====== Stored data ======

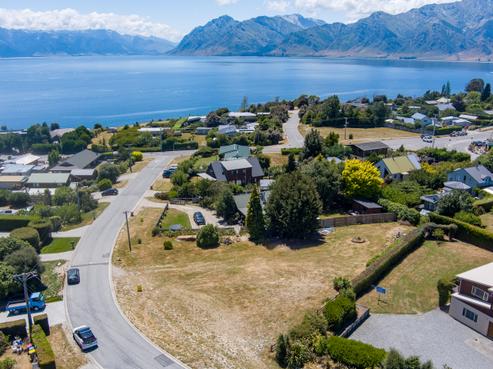 16 Parry Crescent, Lake Hawea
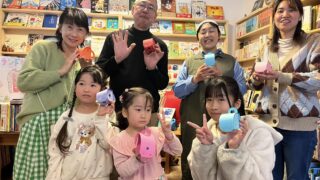 《モリナガ・ヨウさんのお話を聞きながらペーパークラフトでミニランドセルを作ろう》が開催しました
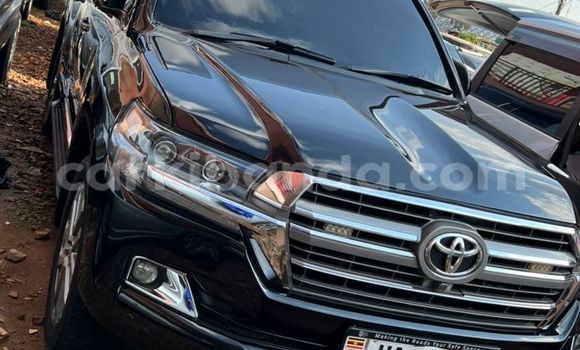 Nunua Mpya Toyota Land Cruiser Nyeusi Gari ndani ya Kampala nchini Uganda Nunua Mpya Toyota Land Cruiser Nyeusi Gari ndani ya Kampala nchini Uganda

======

Task directions: Copy out the material above in full and exactly; its pictures are not to appear.

Output:
 16 Parry Crescent, Lake Hawea
 《モリナガ・ヨウさんのお話を聞きながらペーパークラフトでミニランドセルを作ろう》が開催しました
 Nunua Mpya Toyota Land Cruiser Nyeusi Gari ndani ya Kampala nchini Uganda Nunua Mpya Toyota Land Cruiser Nyeusi Gari ndani ya Kampala nchini Uganda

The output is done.